PUBLISHED : Thursday, 18 November, 2010, 12:00am
UPDATED : Thursday, 18 November, 2010, 12:00am

While China's semiconductor consumption grows, chip companies on the mainland face increased pressure from high staff turnover and escalating labour costs, according to PricewaterhouseCoopers (PwC).

A new PwC industry survey found mainland semiconductor firms experienced annual employee turnover rates of 10 to 80 per cent, with a median of about 29 per cent.

Raman Chitkara, PwC's global technology industry leader, said the mainland sector employed 'about 300,000 staff or 29 per cent of the global semiconductor workforce'.

Multinational chip companies, which run the mainland's biggest semiconductor operations and employ the largest numbers of staff, described the rate of turnover as higher than any they had encountered outside the country, the PwC report said.

It has not always been that way. Data from the National Bureau of Statistics showed the overall average staff turnover in the country was relatively consistent during the first half of this decade, averaging less than 14 per cent per year. But since 2006, that had increased to almost 18 per cent.
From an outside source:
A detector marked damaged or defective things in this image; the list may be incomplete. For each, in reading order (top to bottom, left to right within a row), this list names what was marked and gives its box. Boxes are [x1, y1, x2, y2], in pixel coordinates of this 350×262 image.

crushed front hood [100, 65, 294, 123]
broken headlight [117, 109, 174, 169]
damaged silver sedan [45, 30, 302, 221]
Chip companies saw rising labour costs affecting employee turnover rates as workers nationwide sought higher pay, the PwC report said.

Minimum wage increases of 20 per cent had been put into effect in at least 18 provinces since February.
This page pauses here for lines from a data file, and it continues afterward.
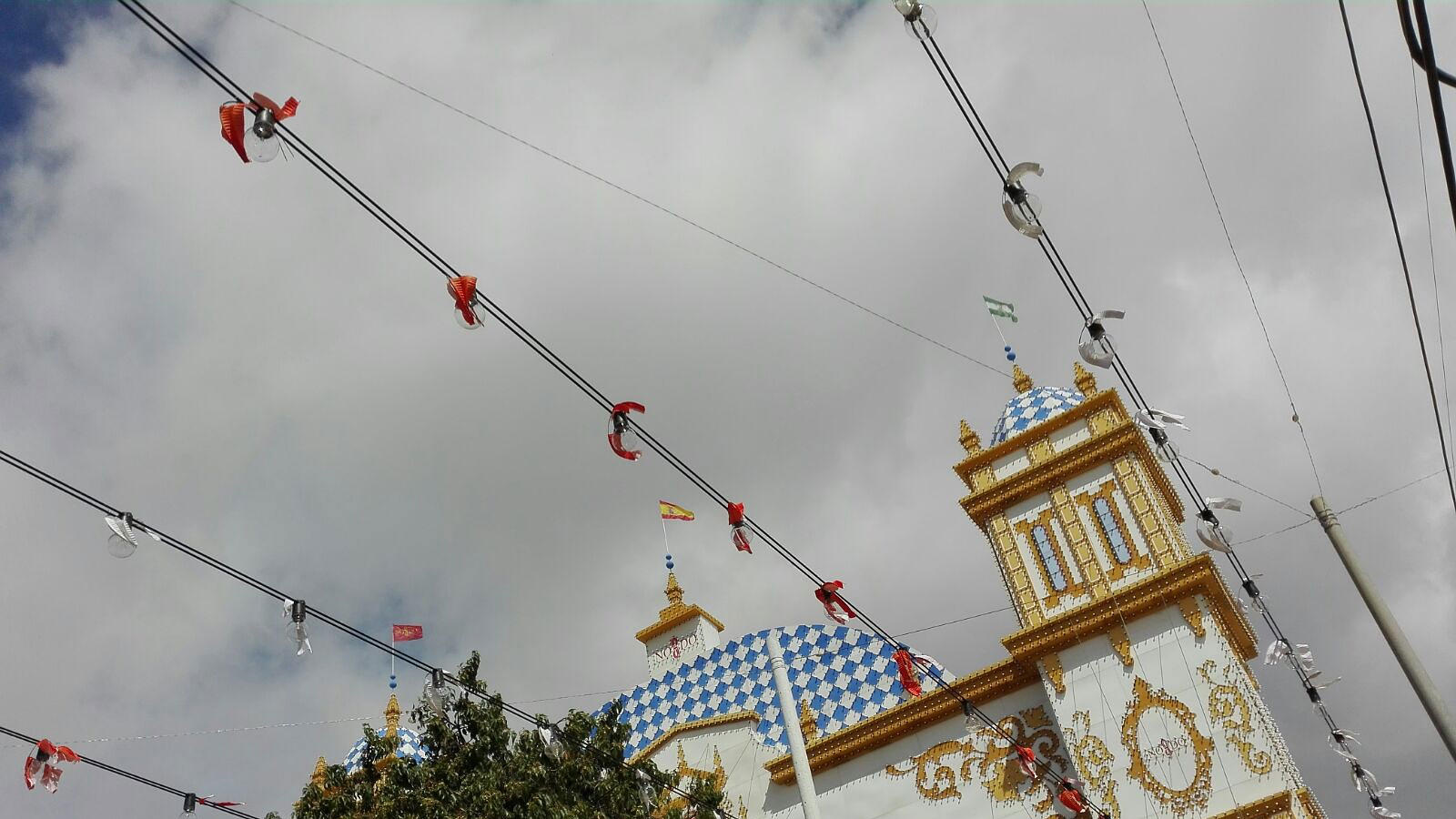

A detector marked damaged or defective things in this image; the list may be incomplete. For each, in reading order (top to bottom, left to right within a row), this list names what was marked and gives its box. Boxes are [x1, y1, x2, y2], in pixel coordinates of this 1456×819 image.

wind-damaged decoration [892, 0, 939, 40]
wind-damaged decoration [219, 92, 298, 164]
wind-damaged decoration [1005, 161, 1048, 235]
wind-damaged decoration [446, 278, 488, 329]
wind-damaged decoration [1077, 309, 1128, 369]
wind-damaged decoration [604, 402, 644, 460]
wind-damaged decoration [1128, 406, 1187, 464]
wind-damaged decoration [103, 513, 160, 557]
wind-damaged decoration [724, 502, 750, 553]
wind-damaged decoration [1194, 495, 1238, 553]
wind-damaged decoration [282, 597, 311, 655]
wind-damaged decoration [812, 579, 859, 622]
wind-damaged decoration [888, 648, 921, 695]
wind-damaged decoration [22, 739, 78, 790]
The PwC report said the pool of available labour for the semiconductor industry had also been affected by the 'combination of a demographic shift, caused by 30 years of the mainland's one-child policy, and increasing university enrolments'.

Despite those issues, the industry was faring better than some.

'China's semiconductor consumption, which reached US$101 billion last year, is weathering the global recession better than any other regional market,' said Alison Wong, an assurance partner at PwC China.